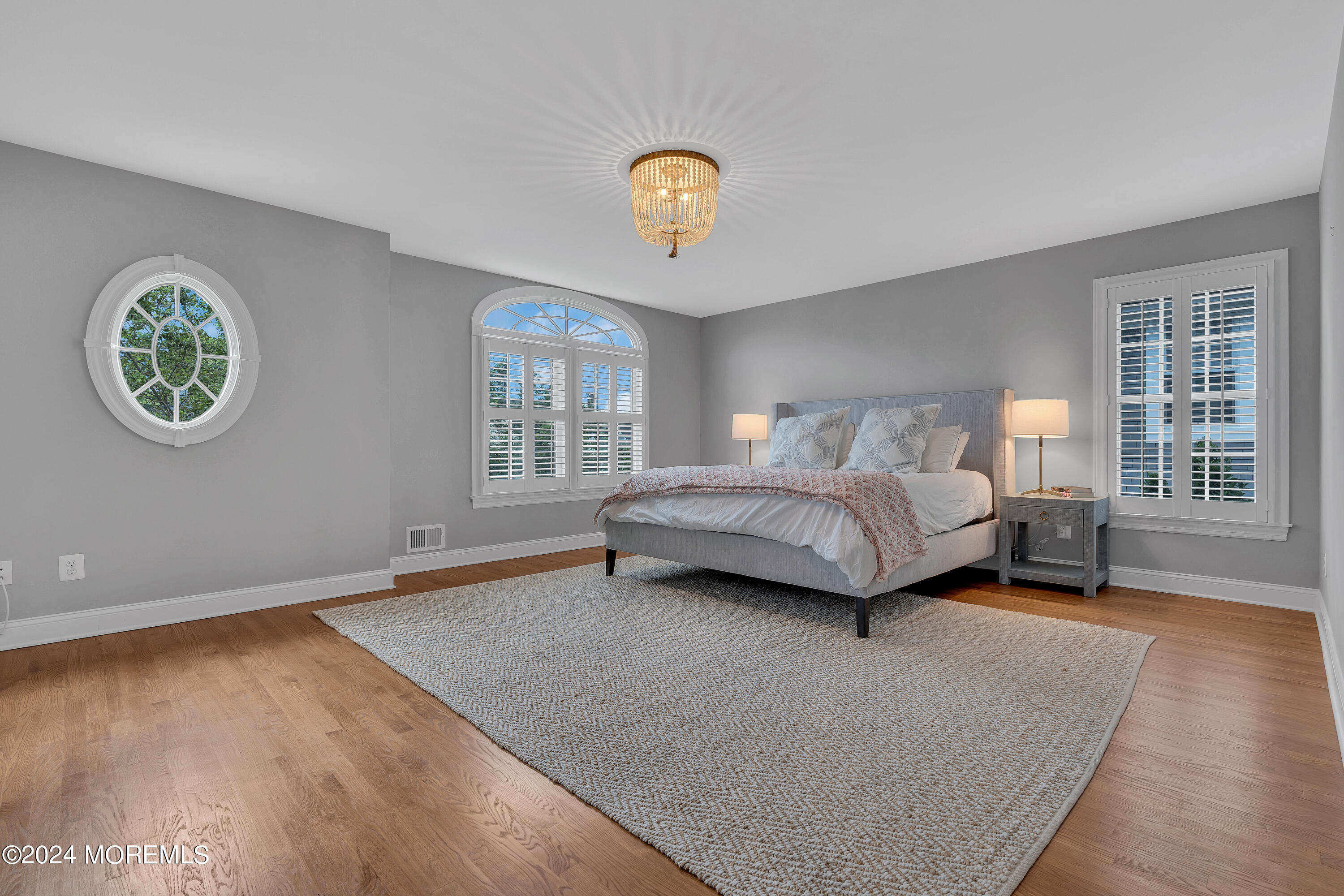 314 Jersey Avenue Spring Lake, NJ 07762 - Photo 16 of 33 a spacious bedroom with a bed a table and a window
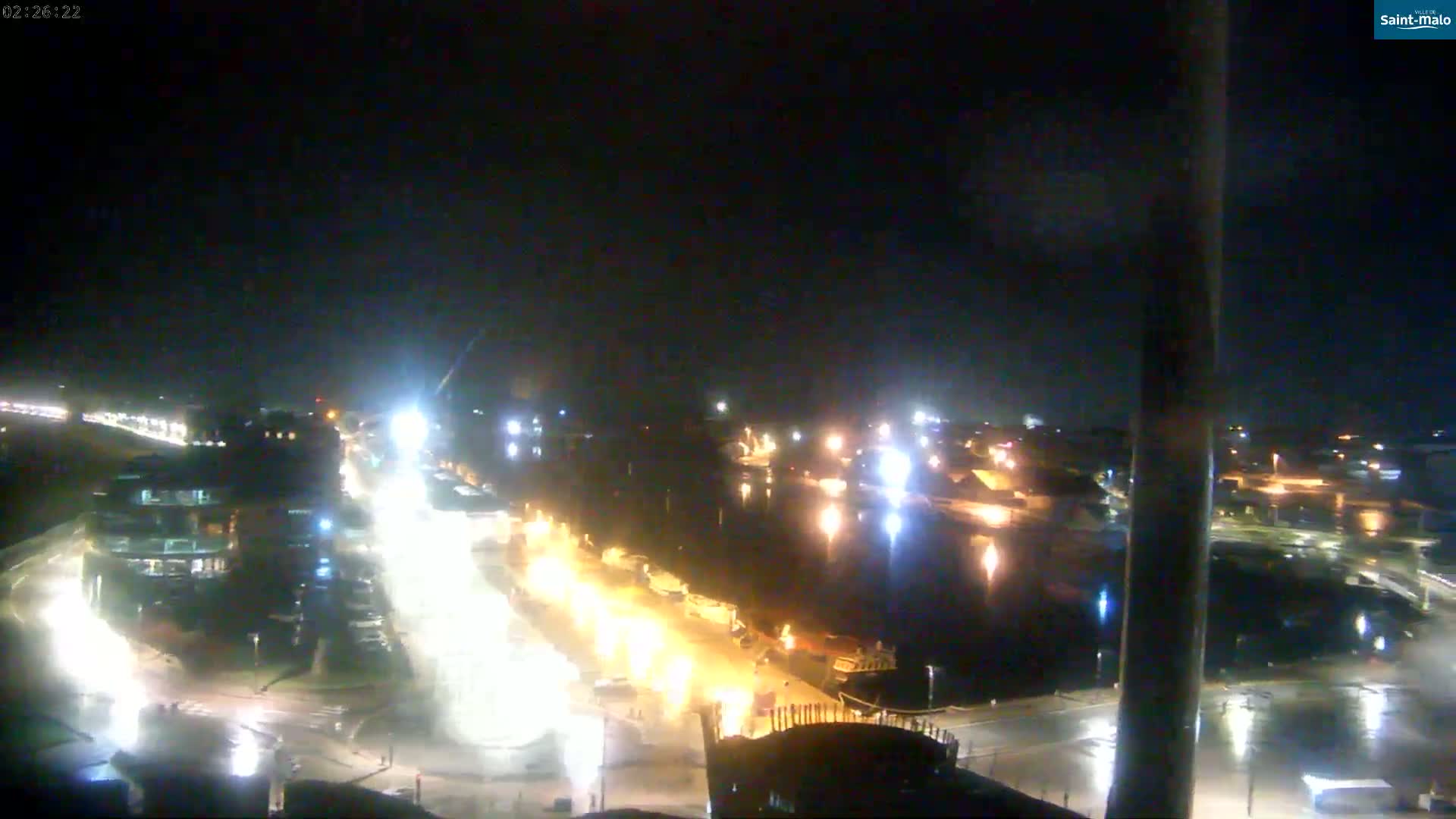A nighttime aerial view shows a harbor with boats and buildings illuminated by streetlights and other lights, under a dark, clear sky.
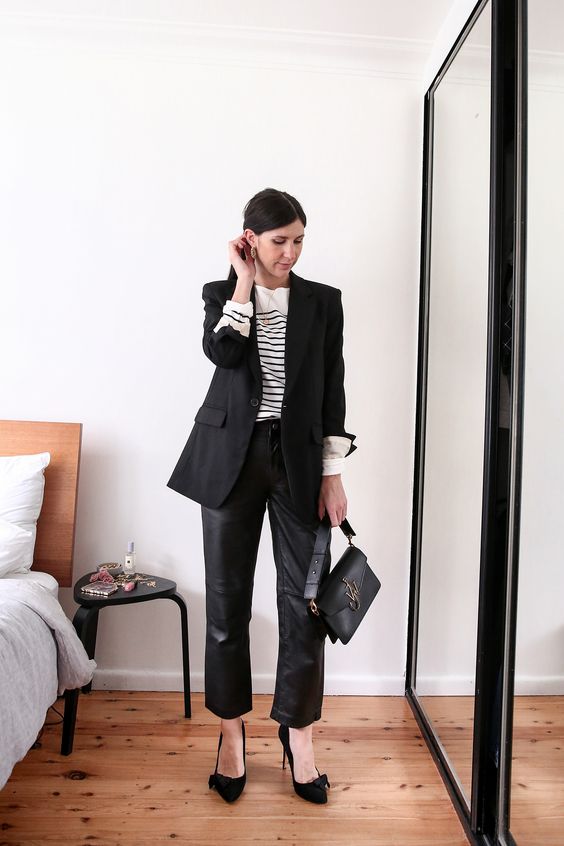 an elegant work outfit with a Breton strip top, black leather pants, black bow shoes, a black blazer and a cool bag
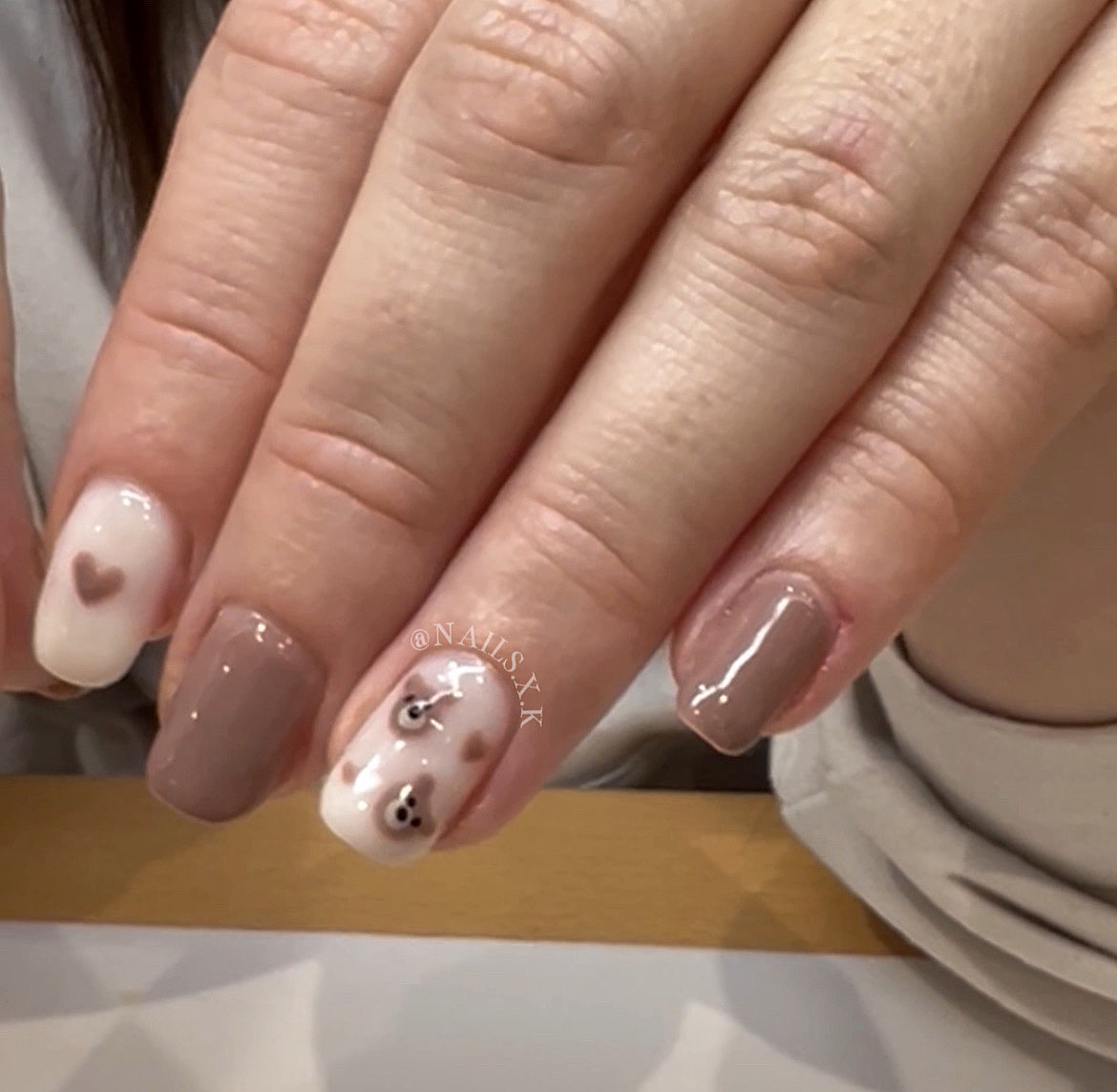 Gel manicure with hand painted teddy bear faces and hearts. Nails by K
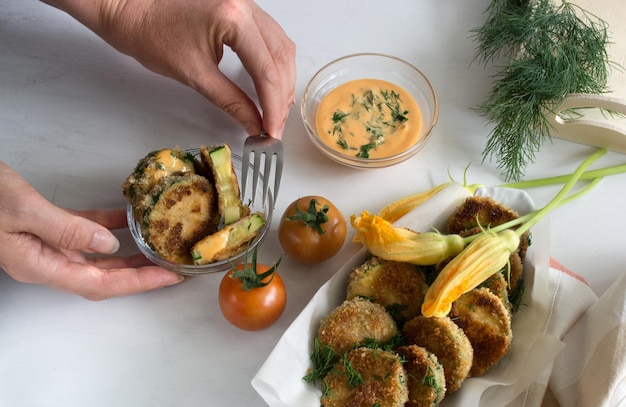 Persona que sirve calabacín frito empanizado con tomate y salsa. Foto de alta calidad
■ ■ ■
Assigned task
All entries are to be duplicated exactly, with the pictures left out.

Result of this exercise
 314 Jersey Avenue Spring Lake, NJ 07762 - Photo 16 of 33 a spacious bedroom with a bed a table and a window
A nighttime aerial view shows a harbor with boats and buildings illuminated by streetlights and other lights, under a dark, clear sky.
 an elegant work outfit with a Breton strip top, black leather pants, black bow shoes, a black blazer and a cool bag
 Gel manicure with hand painted teddy bear faces and hearts. Nails by K
 Persona que sirve calabacín frito empanizado con tomate y salsa. Foto de alta calidad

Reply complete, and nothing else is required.